Ora Casey potrà divertirsi anche a scuola, non solo a casa, da sola. Casey Followay ha 15 anni, usa una carrozzina ed è dell’Ohio, Stati Uniti. A scuola non praticava sport, nella patria dello sport scolastico. «Faremo una squadra», immagina già. Uno studente con disabilità che vuole fare sport non può essere discriminato e deve poterlo praticare nella sua scuola, che deve metterlo in condizione di far sì che questo avvenga.
È una svolta storica quella voluta negli USA dall’Amministrazione Obama. Di fatto il primo intervento sulla scuola comincia da lì, dallo sport. Di più, lo sport paralimpico. In una Direttiva del Ministero dell’Istruzione statunitense, infatti, si precisa che gli studenti con disabilità devono far parte del programma sportivo scolastico all’interno delle attività, con «ragionevoli modifiche» da attuare, oppure, ove questo non sia possibile, creando un programma specifico per loro.
«Lo sport può fornire preziose lezioni di disciplina, abnegazione, passione e coraggio e attraverso questa Direttiva si possono aiutare le scuole a far sì che gli studenti con disabilità abbiano pari opportunità, per trarre beneficio dalle lezioni di vita che apprendono attraverso lo sport», ha spiegato in un comunicato Arne Duncan, segretario dell’Istruzione statunitense. Ex cestista, Duncan sa bene quanto lo sport sia importante nella crescita delle persone. Naturalmente anche di quelle con disabilità. Sia questa fisica, sensoriale o intellettiva e relazionale. Non è un consiglio, ma una richiesta specifica.
Negli States questa decisione viene paragonata a quella che all’inizio degli Anni Settanta aprì allo sport femminile, quando la stessa richiesta fu fatta per fare in modo che le studentesse avessero pari opportunità rispetto agli studenti nel praticare sport a scuola. Questo per capire l’importanza della svolta.

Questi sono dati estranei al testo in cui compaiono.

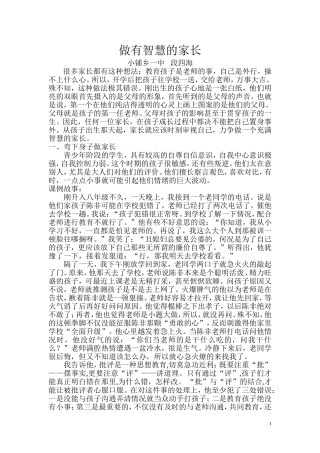 做有智慧的家长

In alcuni casi basterà poco: un segnale visivo, ad esempio, invece del rumore della pistola nella partenza delle gare di atletica, se vi sono studenti sordi o ipoacusici. In altre ci vorrà magari qualche modifica strutturale. «È facile? No – ha detto Brad Hedrick, già campione di basket in carrozzina, ora all’Università dell’Illinois -, ma si può fare, anche se è necessario un cambiamento importante».
I funzionari del Ministero hanno precisato che non si intendono stravolgere i programmi sportivi delle scuole, solo che non si possono escludere da un insegnamento gli studenti in base a una condizione di disabilità.

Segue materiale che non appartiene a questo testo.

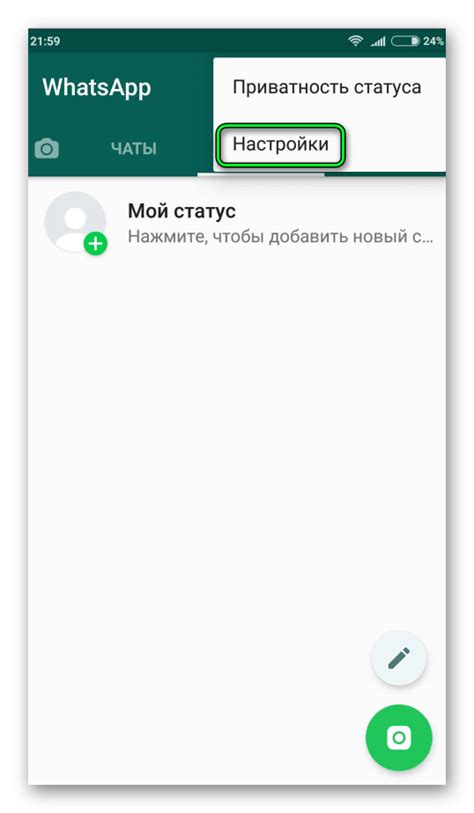 Объяснение смысла циферблата в WhatsApp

Nel 1973, con il Rehabilitation Act e successivamente con l’Individuals With Disabilities Education Act, veniva imposto agli Stati di fornire educazione pubblica a tutti gli studenti, senza discriminazioni, e che sarebbero stati interrotti i fondi pubblici a quelle scuole che avessero discriminato gli studenti con disabilità. Ora si sottolinea che lo sport fa parte di quel diritto.
Chiaro che questa notizia fa pensare alla scuola, pubblica e privata, italiana e all’insegnamento dell’educazione fisica (parlare di sport sarebbe eccessivo…). Fra poco si rinnoveranno i vertici del CONI. Ecco, sarebbe bello che proprio il CONI si facesse parte attiva perché, all’interno di proposte per migliorare quello che, oggettivamente, è solo migliorabile nello sport a scuola, ci fossero poche parole per dire: nessuna discriminazione, anche nello sport. Perché anche in Italia, a ogni livello, ci sono studenti come Casey, che avrebbero voglia di imparare anche questo. E divertirsi.